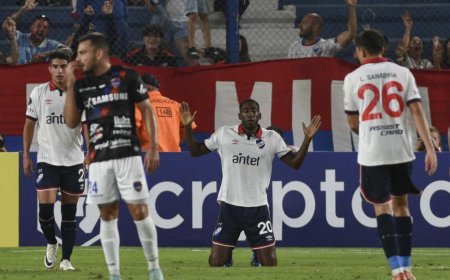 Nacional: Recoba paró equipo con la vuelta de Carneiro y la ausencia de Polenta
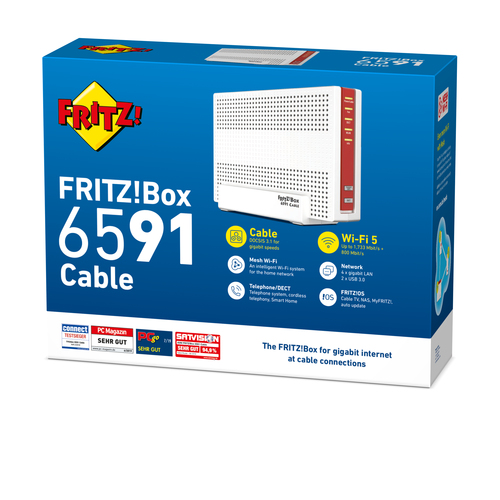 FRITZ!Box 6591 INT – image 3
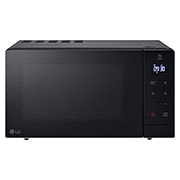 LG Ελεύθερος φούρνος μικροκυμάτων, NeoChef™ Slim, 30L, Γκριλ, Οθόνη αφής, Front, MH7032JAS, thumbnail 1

++++

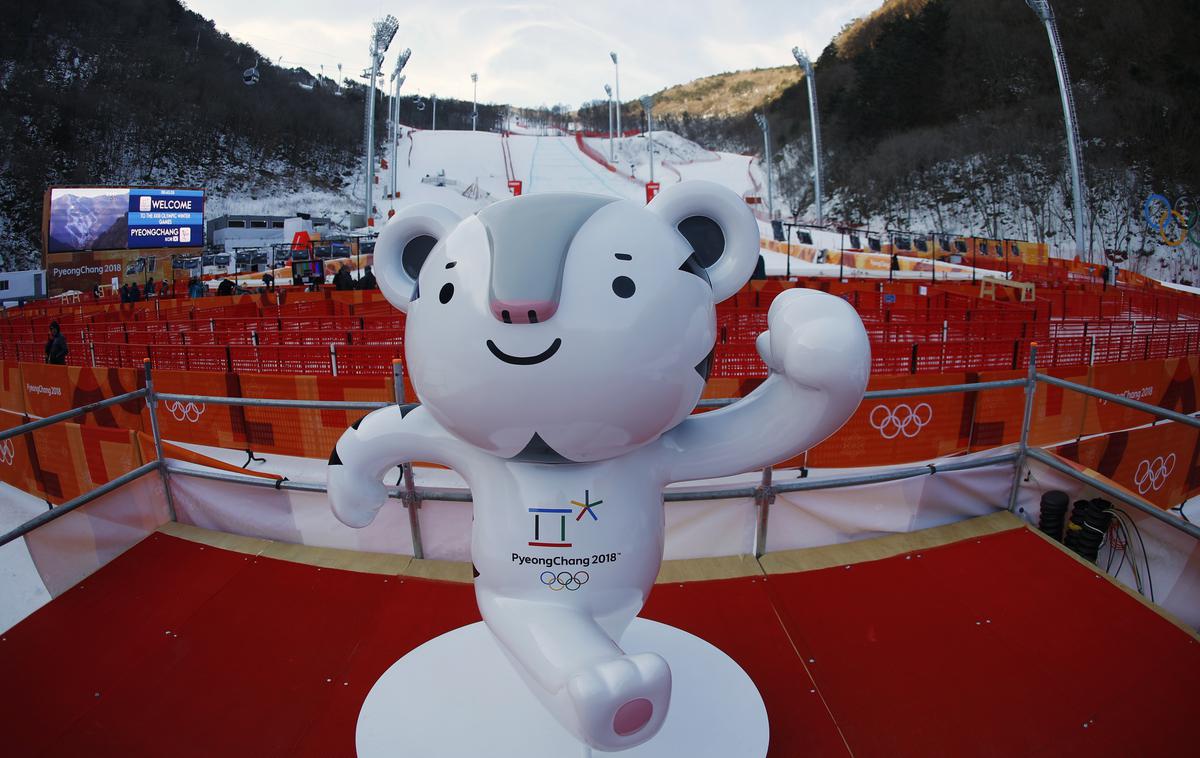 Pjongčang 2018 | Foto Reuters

++++

Activity: Write down exactly what the lines above say, from the line holding "Nacional: Recoba paró" through the line holding "LG Ελεύθερος φούρνος", and nothing more. Do not copy the pictures.

Solution to the exercise:
 Nacional: Recoba paró equipo con la vuelta de Carneiro y la ausencia de Polenta
 FRITZ!Box 6591 INT – image 3
 LG Ελεύθερος φούρνος μικροκυμάτων, NeoChef™ Slim, 30L, Γκριλ, Οθόνη αφής, Front, MH7032JAS, thumbnail 1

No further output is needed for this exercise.